Two internal factions of the Islamic State extremist group had been vying for Japanese hostages to attain their own aims, sending out snarled messages to make it difficult for the Japanese government to find out ways to save their lives, sources said Monday.
The Japanese government obtained foreign intelligence on a leadership struggle within the militant group during the hostage crisis, in which the Japanese captives — Haruna Yukawa and Kenji Goto — were eventually beheaded, the sources said.
A Syrian faction was responsible for taking the two men and posting a video online on Jan. 20 threatening to kill them unless the Japanese government paid a ransom of $200 million, according to the sources.
But after the Japanese government rejected the payment, another faction led by Iraqi members apparently took control away from the Syrian rival over the hostages, because a voice message posted on Jan. 24 abruptly demanded the release of an attempted Iraqi suicide bomber on death row in Jordan in exchange for the life of Goto without mentioning the ransom demand, the sources said.

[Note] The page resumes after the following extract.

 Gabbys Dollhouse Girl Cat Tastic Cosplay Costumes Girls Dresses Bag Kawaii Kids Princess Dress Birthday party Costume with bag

A still image accompanying the voice recording showed Goto holding a picture of what appeared to be the beheaded body of Yukawa.
The message can be taken as one sent out by the Iraqi group also because the quality of the image is poorer than that in the first posting, the sources said, adding the quality of images attached to subsequent voice messages setting conditions for the exchange of the death-row inmate, Sajida al-Rishawi, for Goto was similarly bad.
But after the Iraqi team failed to make the one-for-one swap deal with Jordan, the Syrian faction regained the control and claimed in its online posting Sunday the execution of Goto, a move that is designed to highlight its intent to pose a threat to the rest of the world, the sources said.
As for Arab media reports last week that the Islamic State group might release Goto as part of a hostage-for-prisoner exchange deal that might involve as many as four people, including the freelance Japanese journalist with the Middle Eastern nation, the sources pointed to the possibility that tips were provided only by the Iraqi faction side, which was sticking to the aim of rescuing imprisoned members, the sources said.
“We had received various kinds of information, but there was nothing we could confirm,” a Japanese government official said.